The usual approach for solving the semantic similarity problem has consisted of using manually compiled dictionaries
such as WordNet [22] to assist researchers when determining the semantic similarity between terms, but an important
problem remains open. There is a gap between dictionaries
and the language used by people, the reason is a balance
that every dictionary must strike for: to be comprehensive
enough for being a useful reference but concise enough to
be practically used. For this reason, many infrequent words
are usually omitted. Therefore, how can we measure semantic similarity in situations where terms are not covered by a
dictionary? We investigate Culturomics as an answer.

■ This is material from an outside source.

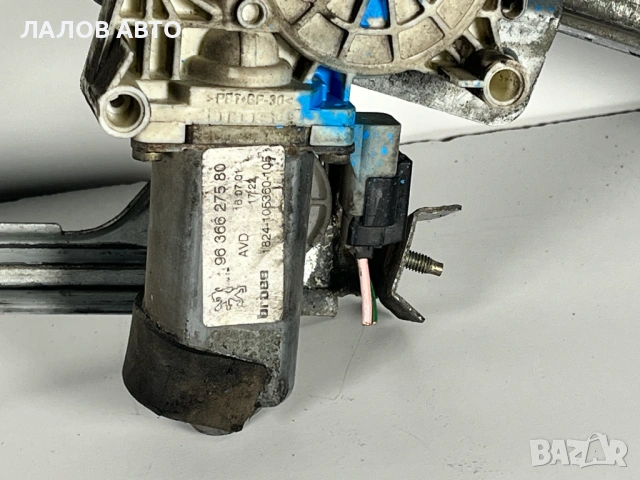 Преден десен стърклоповдигач стъклоподемник моточе ел стъкла Peugeot 206cc , снимка 2 - Части - 53706908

Culturomics is a field of study which consists of collecting
and analyzing large amounts of data for the study of human culture. Michel et al. [18] established this discipline by
means of their seminal work where they presented a corpus
of digitized texts representing the digested history of human
literature. The rationale behind this idea was that an analysis of this corpus could enable people to investigate cultural
trends quantitatively.
The study of human culture through digitized books has
had a strong positive impact on our core research since its
inception. We know that it is difficult to measure semantic similarity for terms usually omitted in traditional dictionaries, but it is highly improbable for these terms not
having ever appeared in any book from the human literature. For this reason, we decided to open a new research line
for finding quantitative methods to assist us in the process
of measuring semantic similarity automatically using world
literature. We have tested many methods, but this work is